Sunday 14 November 2021

Win the toss win the match?

In watching this world cup, there have been 6 sides who have looked a step ahead of the others: Australia, England, India, New Zealand, Pakistan and South Africa. There have been 8 matches featuring two of those 6 sides.

Pakistan beat India. Pakistan beat New Zealand. New Zealand beat India. England beat Australia, Australia beat South Africa, South Africa beat England, New Zealand beat England and Australia beat Pakistan.

Interestingly, in 7 out of those 8 matches, the team who won the toss, won the match.

If the toss was independent, the chances of this happening are about 3.5% (9/256 for anyone who wants a more precise answer). That is very unlikely. But it is not so unlikely that it would be considered impossible.

If I throw 8 coins, every now and again it will come up with either 7 heads or 7 tails.

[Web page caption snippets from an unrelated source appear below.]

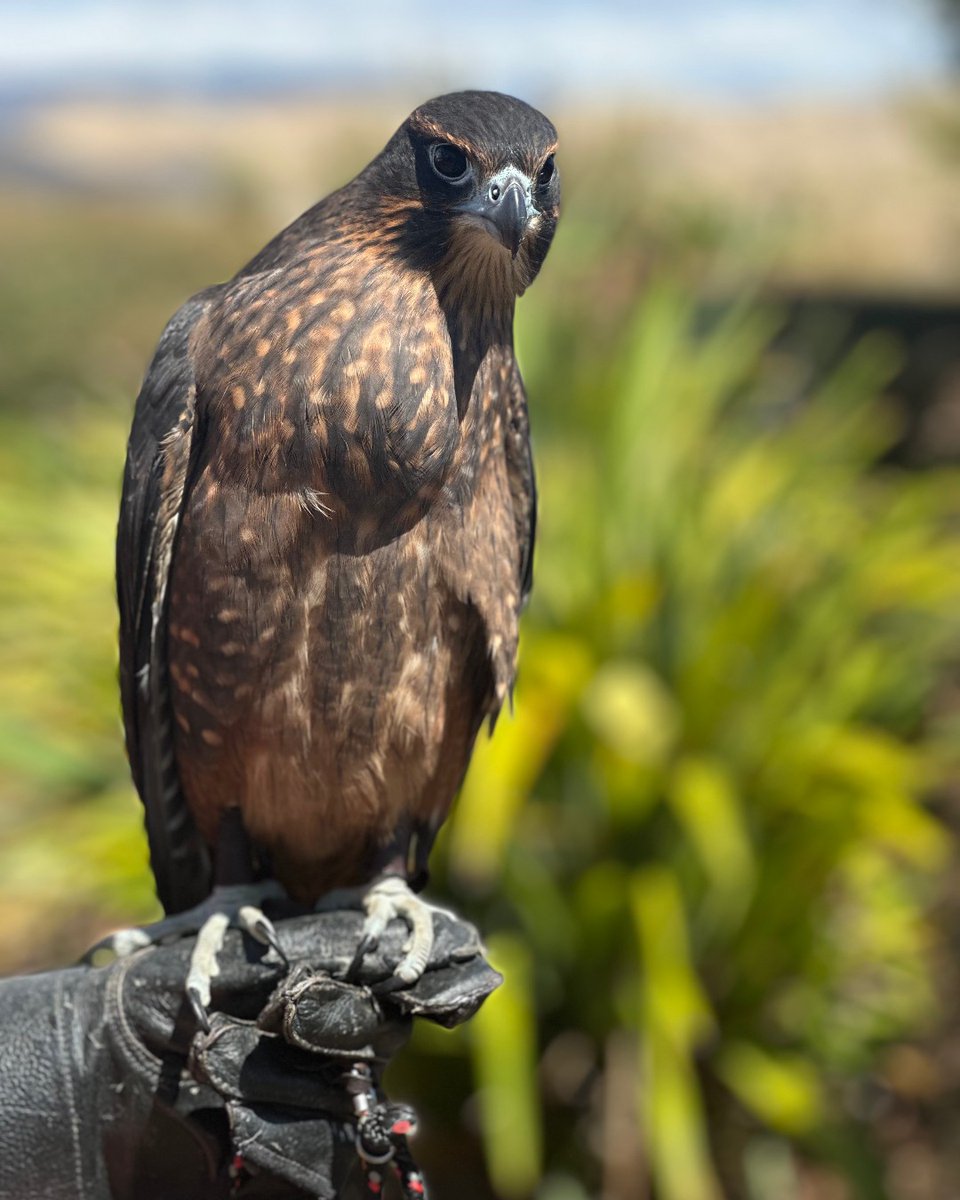 Lake Chalice is proud to support the Kārearea Falcon Trust’s rehabilitation programme by hosting a hack box on our Eyrie Vineyard. This initiative helps falcons safely transition back into the wild, and in turn, their presence helps protect our vines by naturally deterring pests.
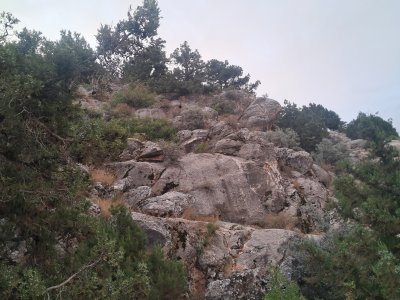 20250716_195956.jpg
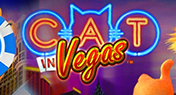 Cat In Vegas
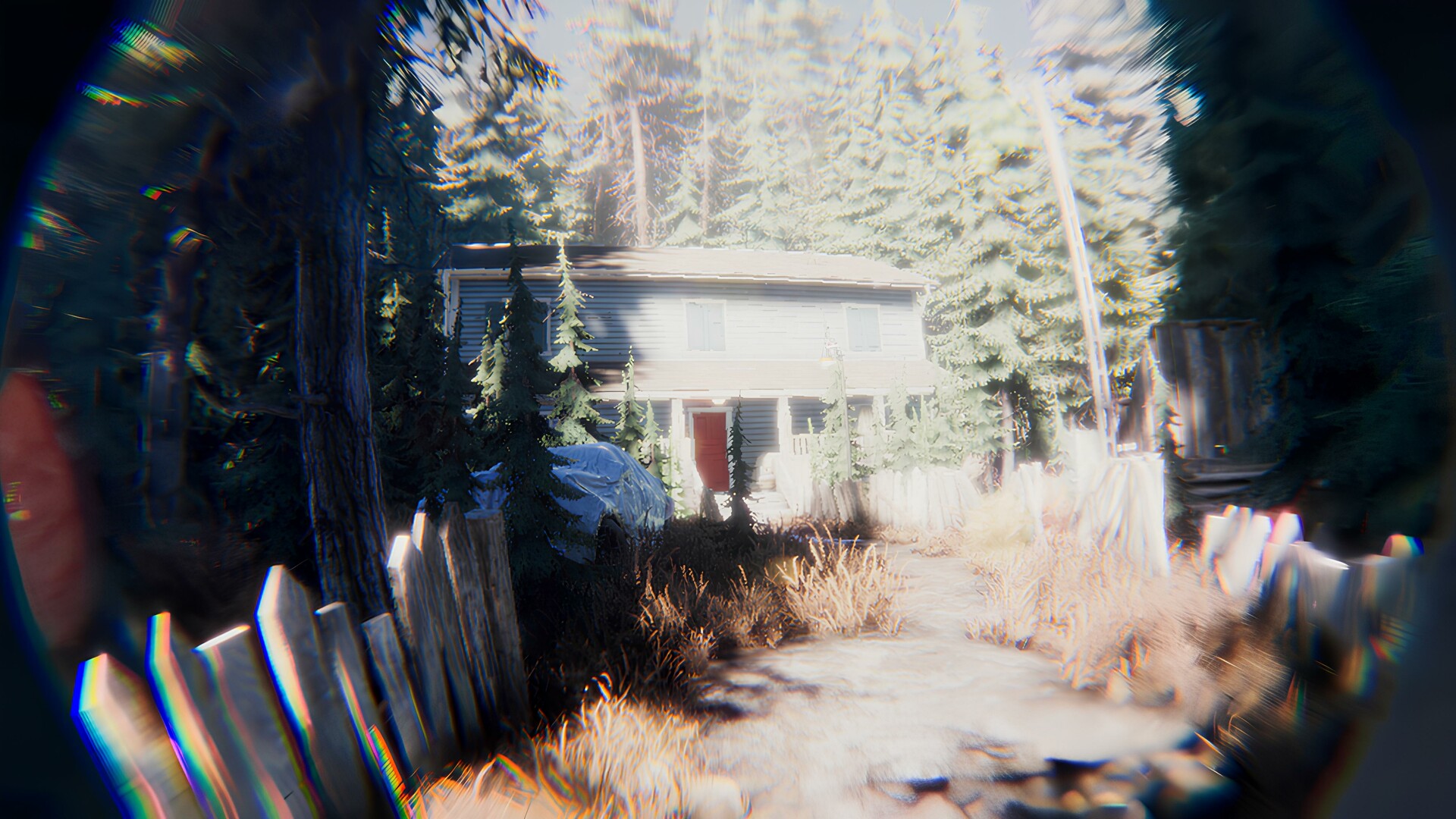 BoneField: Bodycam Horror #3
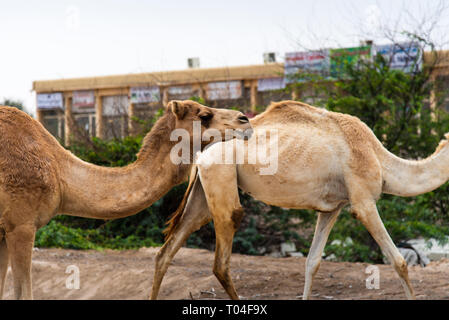 Cammelli pascolano sulle piante nel deserto zona della città Foto Stock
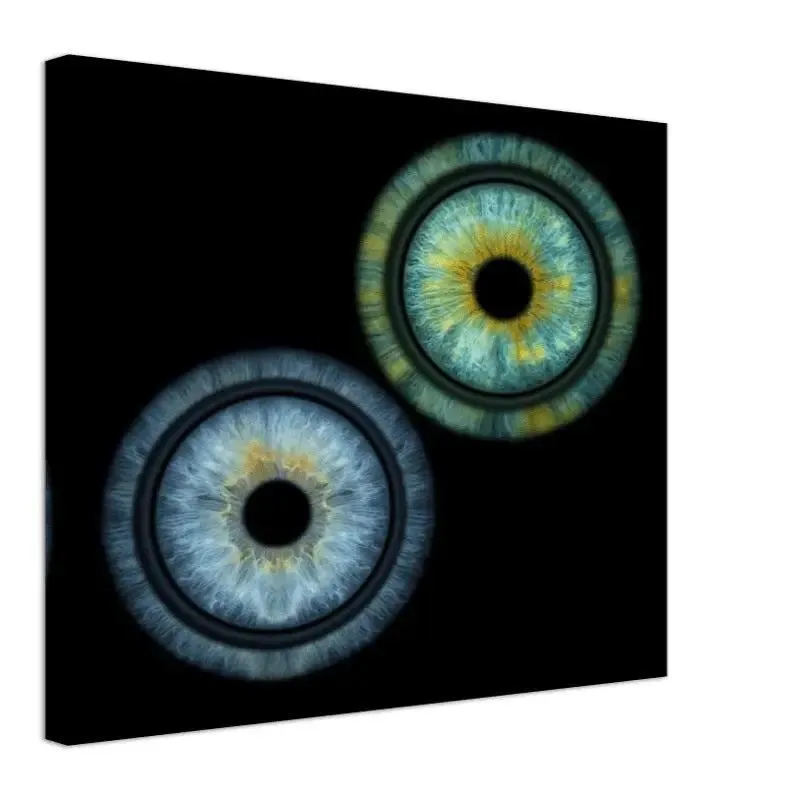 Iris Blink irises eyes art print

It made me wonder if the toss was a significant contributor to team's success, and if so, what can be done about it.

The first thing to do is to build a model to predict the outcome of matches. This is important, because England beating Papua New Guinea after winning the toss does not say much about the importance of the toss, because England would probably beat Papua New Guinea if they lost the toss too.

I decided to use logistic regression to build the model. I looked at every international match between 2 sets of competent (or semi-competent) side in the last 3 years. Looking back afterwards, I noticed that I had left out Nepal (who did deserve inclusion) but they were the only team that the ICC currently have ranked in the top 20 that I left out. I also included a few lower ranked sides in order to give a better picture of the difference between the teams near the bottom of the rankings for the T20 World Cup. So I also included the likes of Singapore, Kenya, USA and Malaysia.

I chose to use logistic regression because it has been helpful in the past for giving realistic probabilities of winning for limited overs matches. When I tested the model, it explained about 85% of the variation in results. When it said that a team had a 50% chance of winning, they generally won about 50% of the time. When it said that a team had a 70% chance of winning, they generally won about 70% of the time.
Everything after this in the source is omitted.